Bob, my sentiments exactly.Bob P. wrote: If I had that kind of dough though, I'd be looking to the north woods to hide a fortress in(sorry about the dangling prep.)
Why do you think that about the future of real estate? I've always respected your thinking and am just curious about your thoughts.
I have a whole theory in my head, too long and needs some figuring yet.
In a nutshell, people my parents age and baby boomers that bought houses for under $50,000 (my parents was 21,500) years ago are now dying off and retiring. They all think their homes are going to be worth 250,000 or more. (Except for my dad, he laughs and thinks people are crazy. His comments on that are what spurs my theory.

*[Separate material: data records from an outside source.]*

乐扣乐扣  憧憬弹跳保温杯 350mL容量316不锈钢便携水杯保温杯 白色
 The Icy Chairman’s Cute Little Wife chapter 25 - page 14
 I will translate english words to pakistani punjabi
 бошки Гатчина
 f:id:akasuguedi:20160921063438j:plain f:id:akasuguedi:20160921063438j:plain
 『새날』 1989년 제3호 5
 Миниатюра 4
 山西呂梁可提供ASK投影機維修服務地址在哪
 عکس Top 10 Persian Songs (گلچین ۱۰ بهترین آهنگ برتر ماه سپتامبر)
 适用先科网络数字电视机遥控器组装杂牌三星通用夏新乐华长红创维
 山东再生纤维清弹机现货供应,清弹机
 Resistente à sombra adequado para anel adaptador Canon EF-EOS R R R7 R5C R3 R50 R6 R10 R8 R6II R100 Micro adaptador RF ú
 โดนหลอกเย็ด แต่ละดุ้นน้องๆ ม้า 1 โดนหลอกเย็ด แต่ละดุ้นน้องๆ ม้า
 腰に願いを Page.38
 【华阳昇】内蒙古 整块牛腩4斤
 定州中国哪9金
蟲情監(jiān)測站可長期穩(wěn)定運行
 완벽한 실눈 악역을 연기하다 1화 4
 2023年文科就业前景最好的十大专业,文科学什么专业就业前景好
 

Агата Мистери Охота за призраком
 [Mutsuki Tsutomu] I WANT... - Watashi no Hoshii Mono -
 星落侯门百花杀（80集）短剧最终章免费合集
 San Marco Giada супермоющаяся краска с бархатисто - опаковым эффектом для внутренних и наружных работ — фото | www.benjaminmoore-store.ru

More on that later.)
The average man makes 46,000. The average woman 33,000. In a few years my daughter will graduate from college and probably get a job that pays around 33,000. Combined they won't be able to afford a 250,000 home. They'll over extend themselves thinking they can, then the guy will laid off or have to take a 30% pay cut just for shits and giggles. And their delicate economic balancing act will collapse.
So think about it. There is going to be a glut of homes in the next 10 years that no one will buy because no one can afford it. The real estate market will then collapse even worse than it is now. It is going to get worse in the next couple of years and then snow ball out of control for years after that.
WHY? Because I already know a lot of guys around 50 that are being laid off, wages cut and can no longer find work in the career of their choice. The young guys don't get that part, yet. These guys are going to lose their homes because they can no longer afford them. That is happening now.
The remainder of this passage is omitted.